Australia, with 92 confirmed cases, has almost surpassed its 2018 total. Hong Kong, with 61 cases, already has.
There are reports of galloping measles outbreaks in New Zealand and Bulgaria.
The number of cases in places where the vaccine is readily available pales in comparison to those countries where immunization rates remain low due to conflict or poverty.
Ukraine suffered 64,000 confirmed cases last year, according to the World Health Organization. India had 63,000, while Madagascar had 59,000, Pakistan 34,000 and the Philippines 19,000.
And incidents of the disease in the Democratic Republic of Congo and Yemen, where reliable information is hard to come by, may have been even higher, it says.
In the West, much of the discussion about the rising rate of measles has been focused on anti-vaxxers, or their more indecisive cousins, politely called the vaccine hesitant.
But there are indications that another force might be driving the debate over vaccines — Russian bots and trolls.
A study published in the American Journal of Public Health last fall examined close to 1.8 million tweets sent between 2014 and 2017, and concluded that the preponderance of vaccine content — both for and against immunization — was coming from Russian-controlled accounts.
This "weaponization" of information about health was part of a wider effort to spread discordand erode trust, say the researchers. It may have been more successful than efforts aimed at the 2016 U.S. elections — the study found that 93 per cent of all vaccine tweets appeared to be coming from malicious, automated accounts.
There are also reports that Russian disinformation played a significant role in Europe's 2018 measles outbreak, which sickened 82,000 people and killed 72, with anti-vaccine messages contributing to a marked decline in immunization in southern and eastern countries.

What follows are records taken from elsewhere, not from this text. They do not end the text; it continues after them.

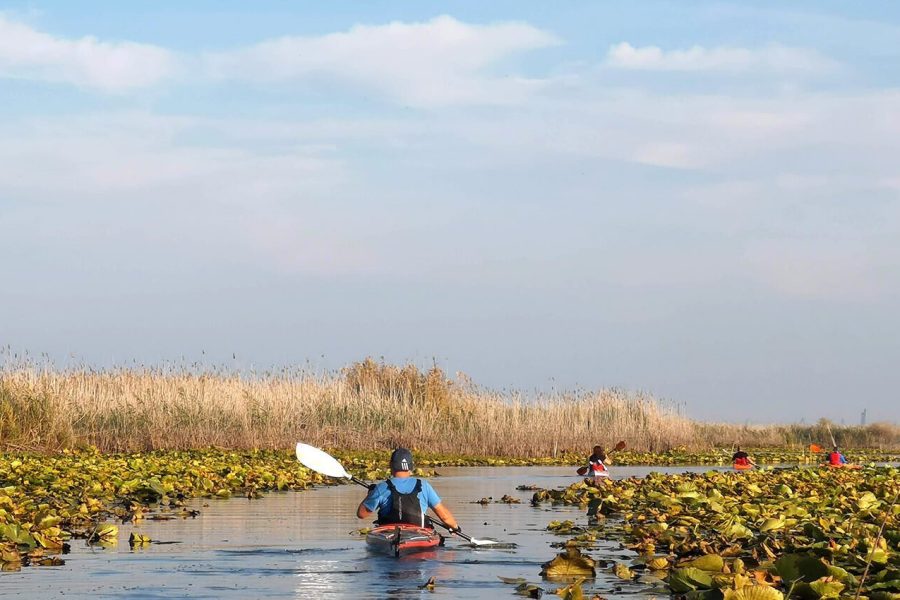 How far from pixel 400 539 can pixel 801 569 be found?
17.0 feet

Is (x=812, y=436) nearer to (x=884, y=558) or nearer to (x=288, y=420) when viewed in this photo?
(x=288, y=420)

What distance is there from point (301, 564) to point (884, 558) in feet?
19.3

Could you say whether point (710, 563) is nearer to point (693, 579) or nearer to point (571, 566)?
point (693, 579)

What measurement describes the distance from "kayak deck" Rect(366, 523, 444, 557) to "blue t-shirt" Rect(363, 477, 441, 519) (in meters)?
0.27

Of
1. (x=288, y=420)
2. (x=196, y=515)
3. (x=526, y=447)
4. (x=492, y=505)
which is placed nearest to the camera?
(x=196, y=515)

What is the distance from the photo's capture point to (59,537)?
1329 cm

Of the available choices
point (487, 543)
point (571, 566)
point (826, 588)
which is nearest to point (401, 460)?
point (487, 543)

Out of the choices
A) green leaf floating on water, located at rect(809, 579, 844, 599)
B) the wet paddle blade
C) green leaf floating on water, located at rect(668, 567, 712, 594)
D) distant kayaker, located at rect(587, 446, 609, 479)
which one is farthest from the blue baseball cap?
distant kayaker, located at rect(587, 446, 609, 479)

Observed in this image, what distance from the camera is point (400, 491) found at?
13.8m

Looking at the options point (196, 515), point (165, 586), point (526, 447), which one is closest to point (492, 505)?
point (196, 515)

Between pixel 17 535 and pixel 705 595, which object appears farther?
pixel 17 535

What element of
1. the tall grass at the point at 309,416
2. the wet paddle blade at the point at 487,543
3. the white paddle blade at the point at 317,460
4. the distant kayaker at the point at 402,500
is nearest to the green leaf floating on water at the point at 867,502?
the wet paddle blade at the point at 487,543

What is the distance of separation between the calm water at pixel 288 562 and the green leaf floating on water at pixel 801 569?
1.44 m

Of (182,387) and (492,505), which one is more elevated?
(182,387) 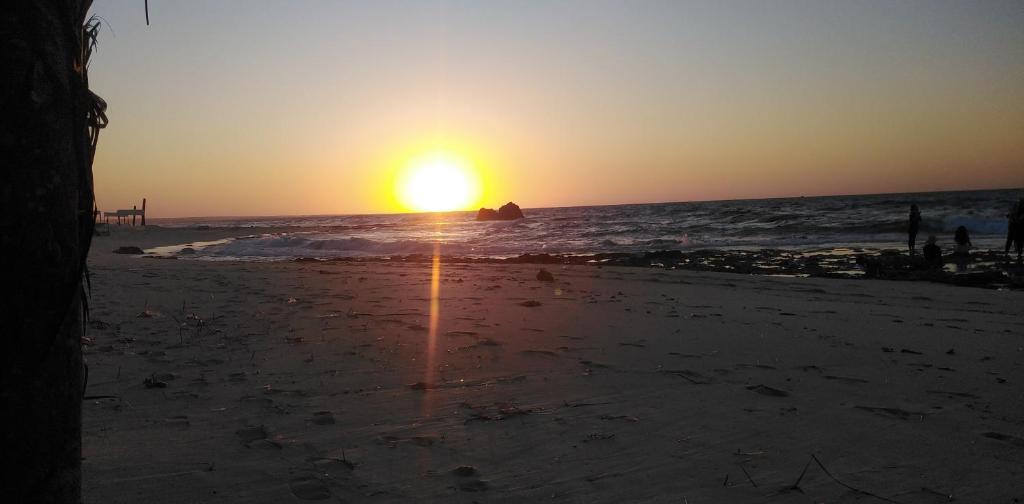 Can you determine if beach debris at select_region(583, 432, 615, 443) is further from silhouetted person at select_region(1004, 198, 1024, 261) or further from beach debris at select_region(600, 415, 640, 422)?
silhouetted person at select_region(1004, 198, 1024, 261)

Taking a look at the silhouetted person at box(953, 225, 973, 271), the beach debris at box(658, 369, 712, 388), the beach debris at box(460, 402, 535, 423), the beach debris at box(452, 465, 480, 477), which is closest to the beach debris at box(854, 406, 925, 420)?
the beach debris at box(658, 369, 712, 388)

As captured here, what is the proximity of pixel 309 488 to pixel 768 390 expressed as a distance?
9.56 ft

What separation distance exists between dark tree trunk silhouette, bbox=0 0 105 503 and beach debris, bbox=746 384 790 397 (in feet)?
12.2

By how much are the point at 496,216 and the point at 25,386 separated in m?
74.0

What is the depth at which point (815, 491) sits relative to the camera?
8.58 ft

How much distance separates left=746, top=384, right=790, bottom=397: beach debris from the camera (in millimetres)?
3924

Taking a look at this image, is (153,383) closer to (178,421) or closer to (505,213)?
(178,421)

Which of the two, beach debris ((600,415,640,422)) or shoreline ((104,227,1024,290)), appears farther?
shoreline ((104,227,1024,290))

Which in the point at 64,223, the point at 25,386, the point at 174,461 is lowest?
the point at 174,461

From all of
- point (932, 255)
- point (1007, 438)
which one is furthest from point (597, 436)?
point (932, 255)

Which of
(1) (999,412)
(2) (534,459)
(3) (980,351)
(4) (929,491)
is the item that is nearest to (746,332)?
(3) (980,351)

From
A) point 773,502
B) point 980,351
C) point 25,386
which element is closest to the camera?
point 25,386

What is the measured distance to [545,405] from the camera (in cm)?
366

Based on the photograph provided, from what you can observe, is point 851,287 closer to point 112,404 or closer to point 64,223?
point 112,404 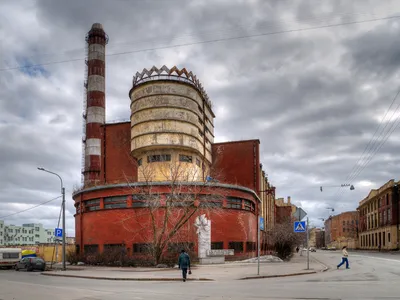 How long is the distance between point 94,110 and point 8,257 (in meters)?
25.3

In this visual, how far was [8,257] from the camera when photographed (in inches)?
1523

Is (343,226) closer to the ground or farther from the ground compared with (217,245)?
closer to the ground

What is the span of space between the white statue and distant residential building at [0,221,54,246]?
108074mm

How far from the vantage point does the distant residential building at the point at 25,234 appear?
13525cm

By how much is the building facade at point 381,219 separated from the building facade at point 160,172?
3689cm

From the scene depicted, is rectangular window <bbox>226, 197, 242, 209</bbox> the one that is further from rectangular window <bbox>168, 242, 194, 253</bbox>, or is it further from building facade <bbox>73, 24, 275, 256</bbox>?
rectangular window <bbox>168, 242, 194, 253</bbox>

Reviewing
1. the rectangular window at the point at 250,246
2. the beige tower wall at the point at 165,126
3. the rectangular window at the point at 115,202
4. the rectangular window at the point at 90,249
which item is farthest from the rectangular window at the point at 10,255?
the rectangular window at the point at 250,246

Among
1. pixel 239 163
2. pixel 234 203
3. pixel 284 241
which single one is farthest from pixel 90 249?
pixel 239 163

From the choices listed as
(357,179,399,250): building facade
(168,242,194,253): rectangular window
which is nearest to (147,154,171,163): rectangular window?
(168,242,194,253): rectangular window

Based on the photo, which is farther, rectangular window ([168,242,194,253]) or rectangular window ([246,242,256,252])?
rectangular window ([246,242,256,252])

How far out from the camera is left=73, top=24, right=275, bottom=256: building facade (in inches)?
1395

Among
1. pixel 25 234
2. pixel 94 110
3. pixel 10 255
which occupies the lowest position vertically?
pixel 25 234

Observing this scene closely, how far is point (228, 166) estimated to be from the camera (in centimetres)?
5456

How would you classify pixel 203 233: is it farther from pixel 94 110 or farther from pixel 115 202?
pixel 94 110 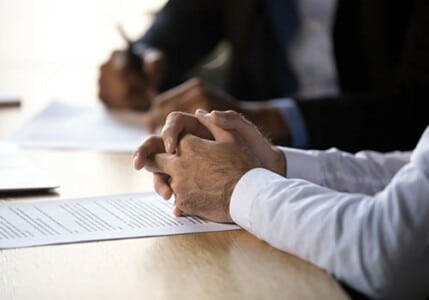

If so, it wouldn't be the first time that a Russian government promoted false information about a health crisis. Back in the mid-1980s, the Soviets mounted Operation Infektion, a concerted effort to spread false news stories suggesting that the HIV virus had been secretly created by the U.S. government to target black and gay people. It worked well enough that a poll in the early 2000s suggested almost a quarter of African-Americans believed that AIDS originated in a government lab.
Social media platforms like Pinterest and Facebook have recently begun to clamp down on anti-vaccine content. But rising concerns about false foreign accounts are likely to fuel calls for government regulations.
A new white paper about "Online Harms," published this month by the U.K. Home Office and Department for Digital, Media, Culture and Sport, justifies its call for tough, new internet rules by citing an Oxford University study that found evidence of "organized social media manipulation" in 48 countries in 2018.
"The tolerance of conflicting views and ideas are core facets of our democracy. However, these are inherently vulnerable to the efforts of a few to manipulate and confuse the information environment for nefarious purposes, including undermining trust," says the discussion paper, identifying Russia as a "major source" of the disinformation.
The U.K. government is talking about mandating social media companies to flag automated accounts and make unreliable content less visible to users as part of a new corporate "duty of care" to be enforced with fines and other legal punishments.
But as this blog points out, it's unclear what the government intends to do about all the vaccine misinformation that is being spread by people who sincerely believe that Dr. Google is more reliable than decades of peer-reviewed science.
Russian bots are surely a problem, but the Vaccine Confidence Project that tracks immunization scares and rumours still ranks the St. Petersburg troll farms as the third-biggest threat to vaccine uptake, behind bad science and the many people who capitalize on disbelief by flogging anti-vaxxer books, services and potions.